Due suicidi nel giro di poche ore e clamorose proteste da parte dei detenuti. Uno è avvenuto nel carcere di Don Bosco di Pisa all’una di notte di ieri. Si tratta di un giovane tunisino che si è impiccato. Subito dopo una quarantina di detenuti hanno inscenato una protesta nelle ore notturne occupando il corridoio di accesso ai passeggi lanciando pietre verso il pavimento attraverso le finestre. Il capo del Dap Santi Consolo, informato nella notte dei fatti, è rientrato dalle ferie ed è giunto a Pisa alle 11. La situazione appariva critica, nel piazzale esterno sostavano ancora carabinieri e polizia pronti ad intervenire; all’interno la situazione era sotto il controllo della polizia penitenziaria. Nonostante la difficoltà, raggiunto il passeggio, Consolo è riuscito a dialogare con i detenuti per riportare la calma e ha invitato una loro rappresentanza di cinque persone all’esterno della zona occupata. Al termine del colloquio, durante il quale hanno manifestato il dolore per la morte del loro compagno, tutti i detenuti coinvolti nei disordini hanno fatto rientro nelle sezioni detentive.
L’altro suicidio, questa volta al carcere di Torino, è avvenuto nella mattinata di ieri. Si tratta di un 37enne di origini sinti che si è impiccato legandosi con un lenzuolo alle grate del bagno della cella dove era ristretto. Altre due morti che allungano l’inarrestabile lista dei decessi che avvengono nelle nostre patrie galere. Ufficialmente parliamo di 36 suicidi avvenuti all’interno dei penitenziari, ma se aggiungiamo anche il suicidio avvenuto in esecuzione penale esterna, quello nella Rems e il decesso in ospedale dopo un tentato suicidio, arriviamo a 39 dall’inizio dell’anno.

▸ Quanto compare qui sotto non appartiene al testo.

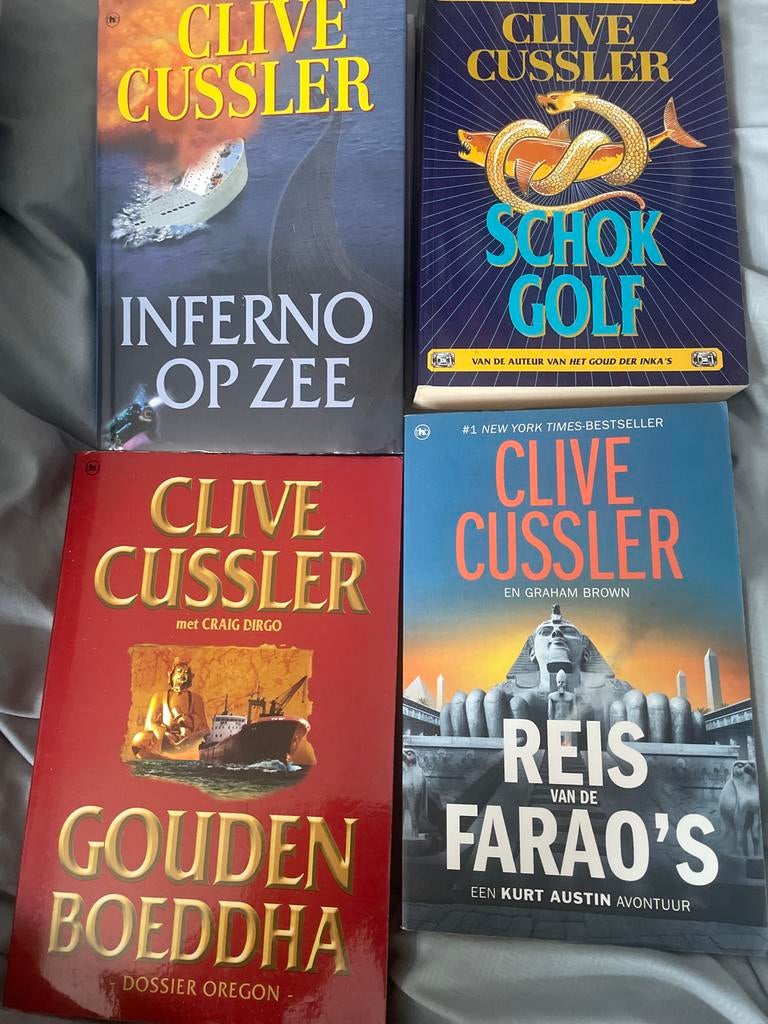 Clive Cussler Boeken: Inferno op Zee, Schokgolf, Gouden Boed, Boeken, Avontuur en Actie, Ophalen of Verzenden, Gelezen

Al di là della questione numerica, resta il dato oggettivo che si tratta di una vera e propria emergenza che i piani di prevenzione messi in campo dal ministro della Giustizia non riescono a contenere.
Una speranza è da ritrovare nell’attuazione della riforma dell’ordinamento penitenziario.
Però c’è il serio rischio che ciò non vada in porto perché servono i decreti attuativi. A redigerli ci stanno pensando le tre commissioni istituite dal guardasigilli e che dovranno presentare le bozze a fine anno. Dopodiché, una volta approvati dal Consiglio dei ministri, le commissioni giustizia del Senato e della Camera dovranno dare un parere ai decreti per poi passare ad una eventuale approvazione definitiva da parte del consiglio. L’iter quindi si prospetterà lungo e ciò avverrà in piena campagna elettorale e nella situazione in cui ci saranno altre priorità come la legge elettorale e quella di bilancio.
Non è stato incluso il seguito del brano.